The county’s fire warden, Bryce Boyer, said this wildfire season looks to be about average or below average, but cautioned about the low level of confidence in projections that reach into the summer.
Fire season typically stretches from June to October, with things ramping up in the hotter months of July and August. But Rowser said there have been recent years when there have been fires as late as November.
“Fire seasons, I don’t think there is a normal for them anymore,” Rowser said. Though things are green now, he said “we’re not not going to have wildfires.”
Park City Fire District Marshal Mike Owens pointed out the outlook is based on current weather patterns.
“If we don’t get the expected moisture, things will change and wildfire risk will increase pretty quick,” Owens wrote in an email.
He explained the “below normal” outlook means that there will be times of “extreme fire danger,” but that those times will be shorter than in other years.
This time last year, there had already been nearly 50 fire calls, Boyer said, whereas this year that number is eight. The fires have all been caused by humans, with “three or four” related to work on railroads near Echo Canyon.
He estimated the county responded to 85 or 90 fire calls last year.

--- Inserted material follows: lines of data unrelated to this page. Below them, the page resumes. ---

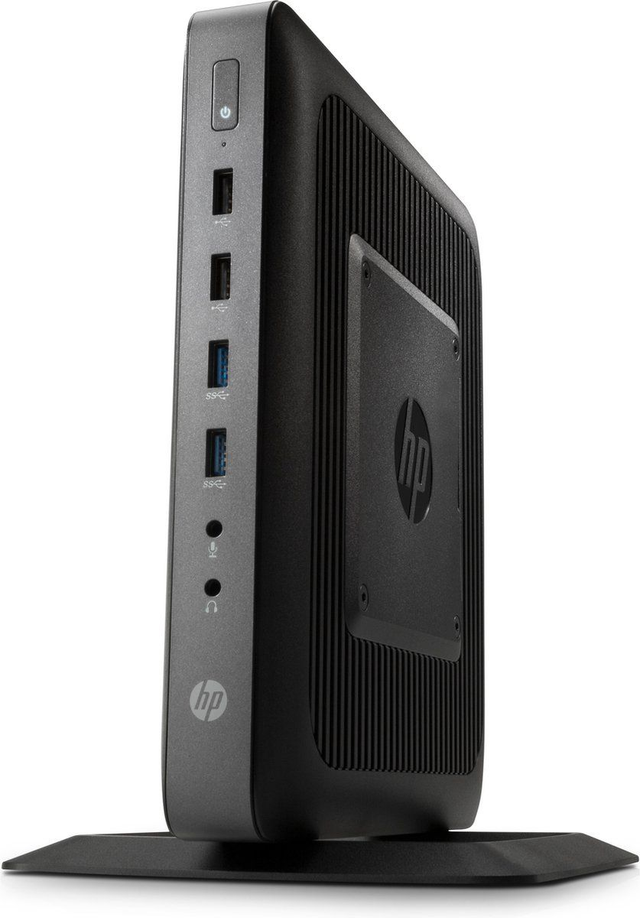HP T620 Thin Client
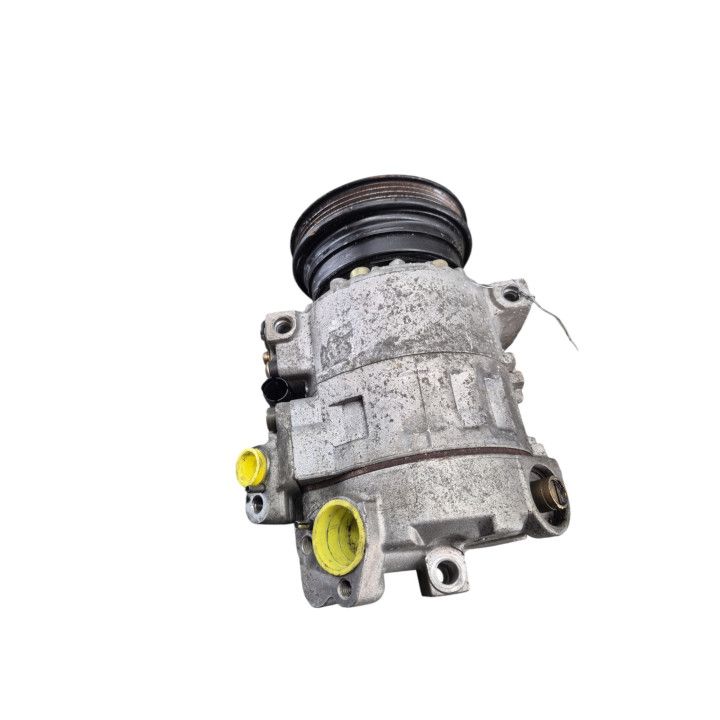 Compresseur clim BMW SERIE 5 E39 Photo n°3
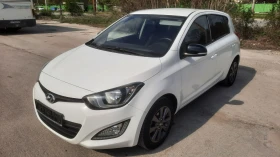 Hyundai I20 1.3i World cup, снимка 9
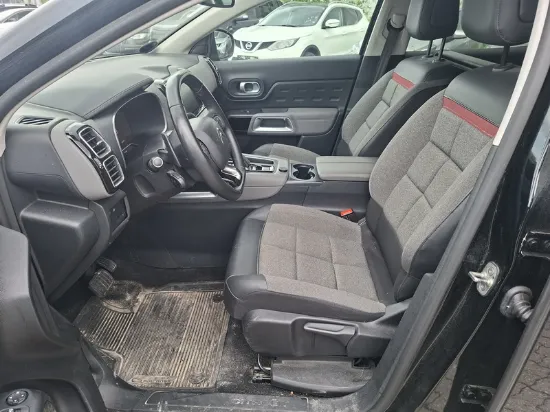 Изображение Citroën - C5 Aircross Aut., 1.5 BlueHDi Diesel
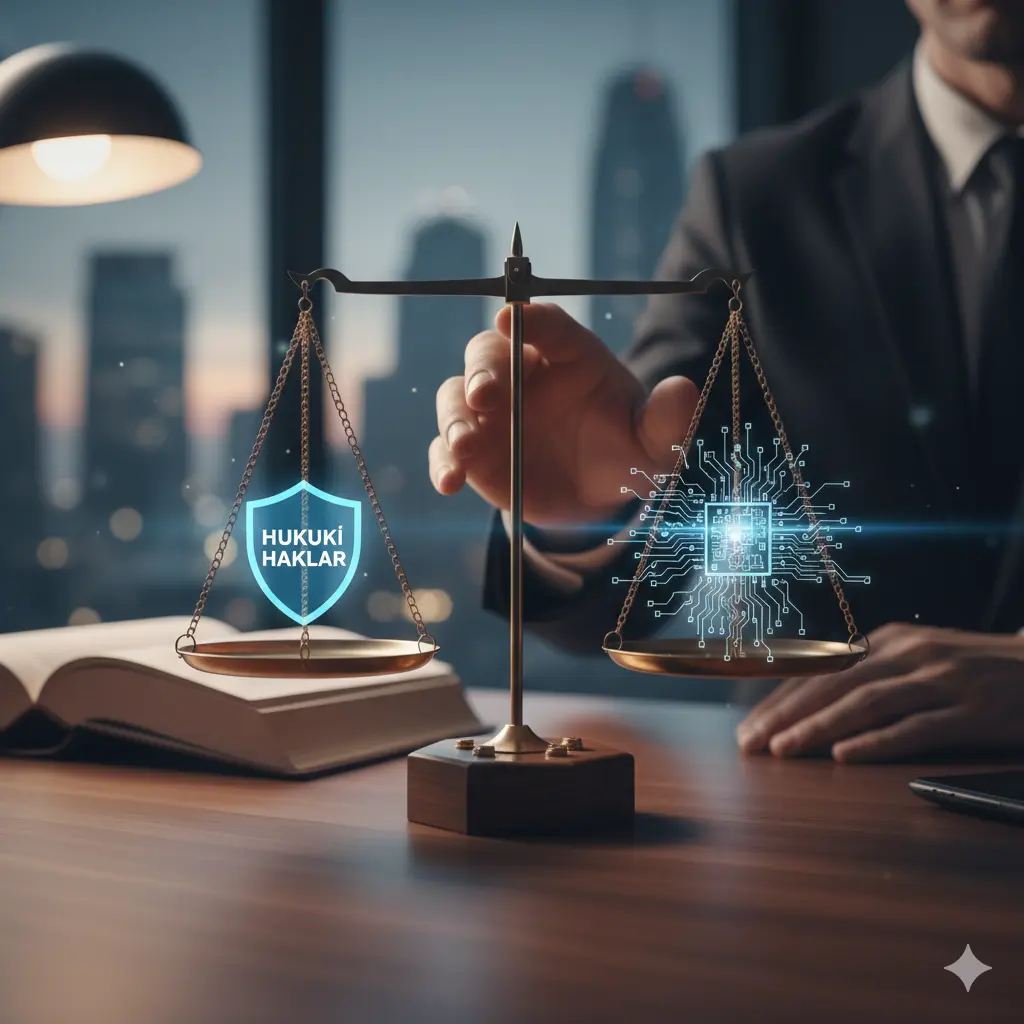 Avukat Kimdir? Ne İş Yapar?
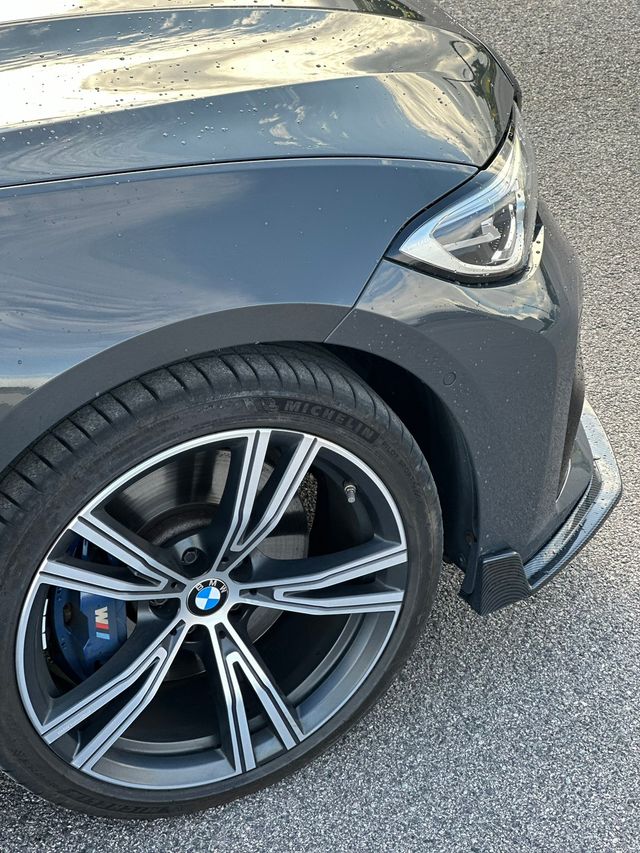 2019 BMW 3-SERIE - 18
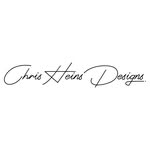 Chris Heins - @chrisheinsdesigns - Instagram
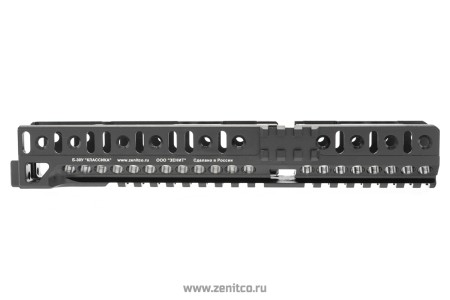 Кронштейн Б-30У (черный)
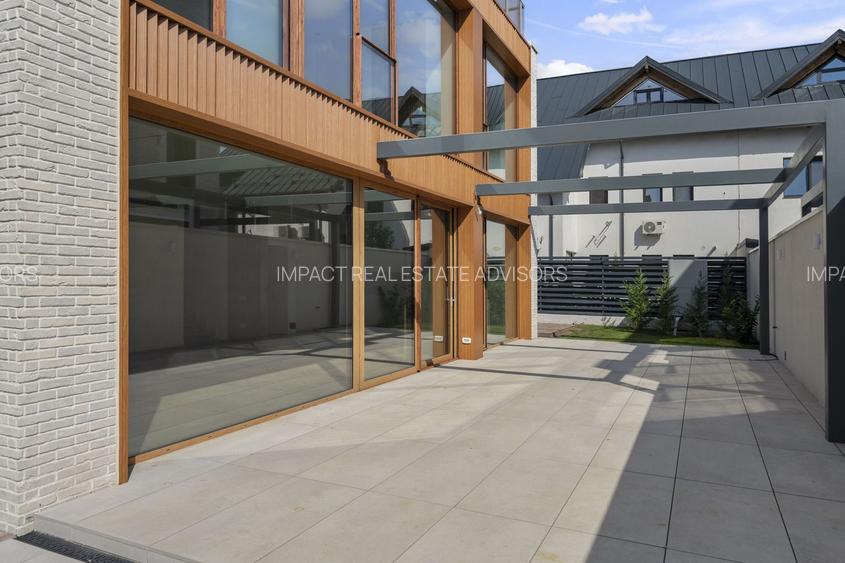VILA MODERNA PROIECT EXCLUSIVIST ADIACENT IANCU NICOLAE - 20
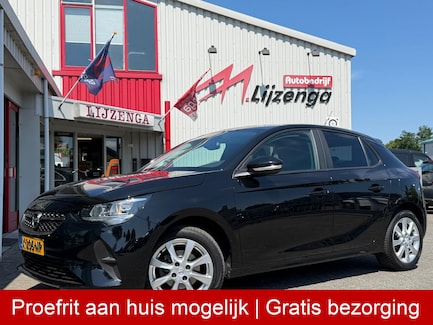 Opel Corsa 0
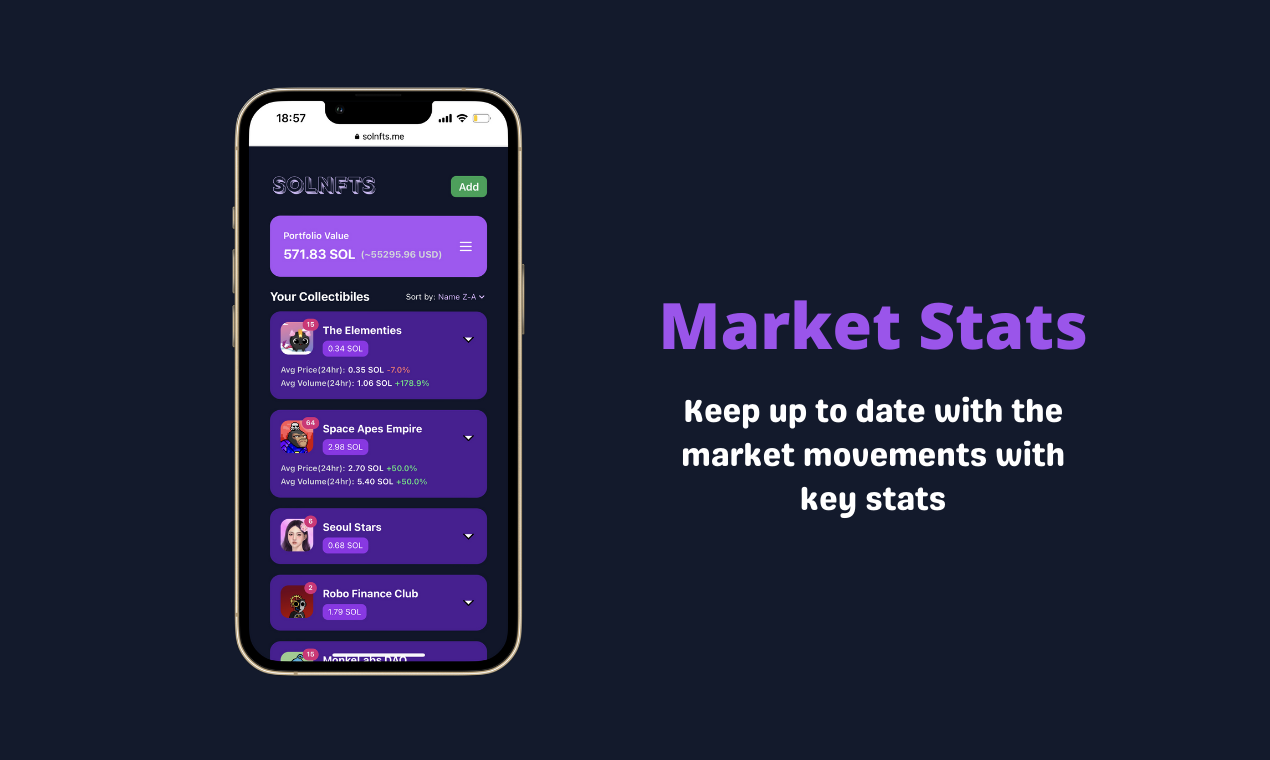 SOLNFTS gallery image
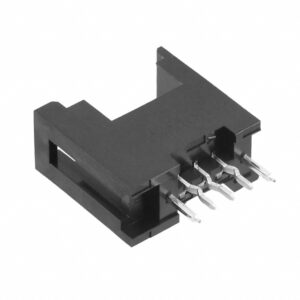 OMRON XN2 series: simple wiring connector for industrial equipment - XN2D-1371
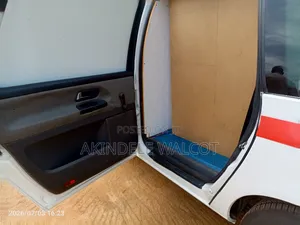 Ford Galaxy 2010 Beige
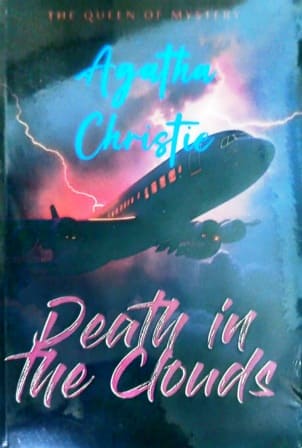 Death in The Clouds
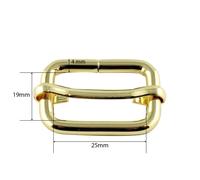 Durable A4 Black 9mm Spine Bars (Pack of 25) 2909/01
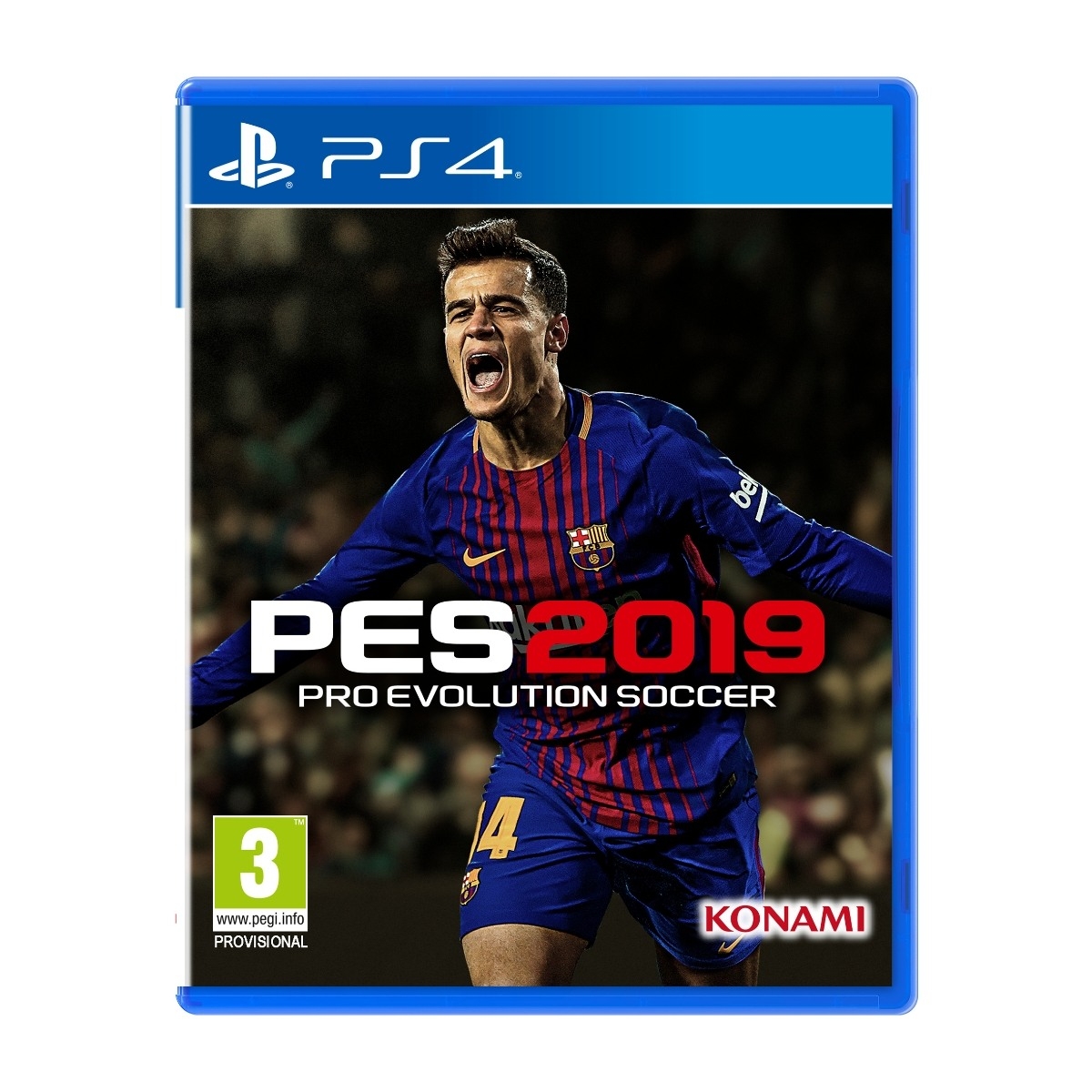 pro evolution soccer 2019 metacritic pro evolution soccer 2019 metacritic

The wet weather and relative lack of fires so far might mean the issue isn’t front-of-mind for residents, Boyer said, but it would be a good time to work ahead to lessen a property’s susceptibility to fire.
“It’s up to each individual land owner to manage their land and do their part to maintain and mitigate their properties,” Boyer said.
He said the weather allows a perfect opportunity for homeowners to harden their homes against fires and establish defensible space that allows firefighters to effectively battle a potential blaze.
“Areas that have leaves and needles blowing into them, that’s where embers from wildfires would blow,” he said. In addition to cleaning out those “beds of fuels,” Boyer recommends removing deck furniture, welcome mats and “anything that would be receptive to embers.”
The county’s defensible space guidelines are available at co.summit.ut.us/561/Fire-Warden. They call for maintaining a perimeter 30 feet from a structure with an “irrigated greenbelt” like a well-watered lawn, thinning trees so their branches are 10 feet off the ground and their crowns are 10-12 feet away from the closest neighboring tree, and removing any dead limbs, leaves or potential fuel sources.
Owens urged homeowners to remove all dead and dying vegetation from within five feet of their homes.
“It’s a really good year to do things around your home when you have the whole season, the summer months (to work on it),” Boyer said.
But this type of landscaping work can be expensive, and the county is working to secure state grant money to help offset some costs for homeowners. It also offers a wood-chipping service to residents, which will start up again June 24. A link to the reservation request form can be found at the fire warden’s website.
One of the first steps to securing funding is having a county-wide fire plan, what Boyer called a “50,000-foot-level view” on the current status and needs around the area. Even though he said many state grants are “drying up” and the mandate is coming down to the counties and cities, County Council member Glenn Wright said it’s something the elected officials will look at in budget discussions for the next fiscal year.
“Our biggest need is to have people go to people’s houses and give them advice … about what a firewise guard looks like around their house,” Wright said at a Council meeting earlier this month. He said he’d heard estimates that the effort could take around 10,000 man-hours to accomplish within the county, but he stressed the importance of the issue.
Boyer also encouraged local municipalities to complete community fire plans.
The warden said he’s approving five to 10 burning permits per day, Monday through Thursday. He asked anyone interested in burning brush or a debris pile to request a permit by a Wednesday, as he does a sweep of site visits across the county on Thursdays. He added that backyard fires in improved fire pits are still allowed as long as they don’t violate rules or laws set by homeowners associations or local municipalities.
The county so far has not banned fireworks for the Fourth of July.